As I suppose is true for many of you, I find it hard not to be mesmerized by the Trump phenomenon. This is a “reality show” like no other, and we are part of it. We see unfolding before our eyes and ears our national id breaking free of the constraints imposed by our superego. Penis size has become a political issue. The leading Republican candidate says, “My daughter Invanka is so hot, if she weren’t my daughter I’d be dating her.” And of course, these days, we understand that “dating” = coitus. Someone said that Trump is holding up a mirror to the Republican Establishment, and they don’t like what they see. He renders into plain English all those dog-whistle-coded messages they have been sending since Nixon’s “southern strategy,” messages that have infected the body politic and that have been metastasizing, just waiting for an opportunity to break out. OK, this is pretty clear.
So here’s a perspective I think worth considering. Let’s look at this phenomenon, this set of appearances, as part of a system, as of course it is; as of course everything is. A system is an organization of parts that function together as a whole. Three types of system are: natural, social, and artificial. There is one natural system, and it is studied by the “hard” sciences of physics, chemistry, biology, geology, etc. There are many social systems, and they are studied by the social sciences, which are “softer” than the natural sciences because they focus on the human world, which has introduced Mind into the natural world, and thus the human world, having the freedom to transcend the system of Nature, is less “determined” than the natural system, thus less predictable. (Of course this assertion is vigorously contested, but I am here assuming it as true.) Artificial systems are solely the creation of the human Mind, and are purposive and intentional.
“Man proposes, God disposes” is one way of putting the notion that purposive human systems–such as politics in general, democratic politics in particular, American democratic politics more particularly, and so on–may become counter-productive (counter-purposive) by generating unintended consequences, such consequences resulting from imperfect input into the system, the result of ignorance, folly, or just bad luck. Human systems tend to be built synchronically, whereas humans live diachronically, in time, and time inevitably introduces random variables that can be toxic to any system.

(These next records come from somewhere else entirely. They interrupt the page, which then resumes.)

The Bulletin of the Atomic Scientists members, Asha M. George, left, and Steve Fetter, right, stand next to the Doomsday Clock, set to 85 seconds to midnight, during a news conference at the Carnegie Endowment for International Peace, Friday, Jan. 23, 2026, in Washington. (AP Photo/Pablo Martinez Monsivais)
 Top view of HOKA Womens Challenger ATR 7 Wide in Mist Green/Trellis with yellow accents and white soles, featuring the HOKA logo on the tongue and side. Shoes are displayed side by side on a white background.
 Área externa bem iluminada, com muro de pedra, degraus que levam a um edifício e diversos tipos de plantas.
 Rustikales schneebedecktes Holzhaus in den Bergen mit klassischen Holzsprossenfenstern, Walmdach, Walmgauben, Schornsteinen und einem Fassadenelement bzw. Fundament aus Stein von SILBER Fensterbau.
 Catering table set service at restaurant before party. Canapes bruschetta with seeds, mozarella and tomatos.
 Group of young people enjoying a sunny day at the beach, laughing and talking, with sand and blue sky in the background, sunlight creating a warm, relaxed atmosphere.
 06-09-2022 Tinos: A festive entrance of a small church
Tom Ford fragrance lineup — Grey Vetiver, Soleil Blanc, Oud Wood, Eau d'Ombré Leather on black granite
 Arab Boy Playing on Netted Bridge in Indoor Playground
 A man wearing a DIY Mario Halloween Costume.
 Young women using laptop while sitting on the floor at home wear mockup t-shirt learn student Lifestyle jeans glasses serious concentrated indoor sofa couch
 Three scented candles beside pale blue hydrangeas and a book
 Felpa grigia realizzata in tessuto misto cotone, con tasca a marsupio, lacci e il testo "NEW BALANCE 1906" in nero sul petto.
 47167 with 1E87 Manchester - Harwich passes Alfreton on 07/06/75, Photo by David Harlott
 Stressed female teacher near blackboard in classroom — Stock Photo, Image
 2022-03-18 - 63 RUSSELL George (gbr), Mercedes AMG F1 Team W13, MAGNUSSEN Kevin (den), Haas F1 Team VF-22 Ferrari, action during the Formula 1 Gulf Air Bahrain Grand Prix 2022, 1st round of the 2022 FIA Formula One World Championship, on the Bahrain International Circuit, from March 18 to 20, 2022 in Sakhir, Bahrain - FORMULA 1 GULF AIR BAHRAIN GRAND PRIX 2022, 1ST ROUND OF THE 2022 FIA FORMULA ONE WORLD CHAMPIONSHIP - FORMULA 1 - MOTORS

The notion of “a jealous God, visiting the iniquity of the fathers upon the children unto the third and fourth generation” is a repeated trope throughout the Bible, and can be applied as an insight about human systems in general. The word “jealous” is itself a trope, an application of a human emotion to an anthropomorphic principle called “God,” which is one way of naming the System of All Systems, the unified field theory of Everything. Other ways of expressing “God’s jealousy” is the Greek image of dike, the image of justice as a double-edged sword; or karma, the Hindu notion of moral cause and effect. In brief, human actions are subject to “cosmic justice,” the self-balancing mechanism immanent in all systems. Self-correction is immanent because a system, to remain a system, must remain organized, or it ceases to be a system. A break-down of any system is itself part of the system, or rather, part of a larger system of which the broken system is a subset. The broken system signals to the larger system the need for repair. A good example is “the curse on the house of Atreus” as described in Aeschylus’ Oresteia. The horrific cycle of revenge and counter-revenge can only be stopped by an agent outside the cycle-system–namely, Athena, who renames the system’s principle source of energy, the Furies, and calls them the Semnai (“venerable ones”), later called the Eumenides (“kindly ones”) by Euripides. The new name gives them a new twist on an old function, from promoting revenge justice to protecting rational justice. It is most interesting to note that Athena is able to achieve this feat by skillfully manipulating the Furies’ emotions. Her rhetoric of persuasion is much more important than the logic of her arguments, for reason is impotent in the face of desire.
The Trump phenomenon reveals the system built up by the Republican Party to be broken. The party’s leaders are scrambling to find materials to repair it. But the system of the party is part of a larger system of American politics, which itself is part of a larger system of democratic politics that is increasingly being constructed in other parts of the world, each nation-state having its own version of the larger system of democratic politics, which is itself part of a yet larger system called “Politics,” or the organization of social power to the end of the survival and prosperity of a human community, or the human community. Systems within systems within systems . . . within the System.
How we conceive and understand the System of systems is pretty, pretty important. I refer the reader to a speech given by Gregory Bateson in 1966 titled “From Versailles to Cybernetics” and reprinted in his classic, Steps to an Ecology of Mind (1972; 2000).

I just happened to start reading (or re-reading) Aeschylus’s Oresteia, more or less to get my mind around the issue you raise here (though I was thinking about it more in the context of Israel and Palestine than the US, though I suppose it applies to both contexts). Haven’t read it since my undergraduate days, ca. 1990. But glad I did.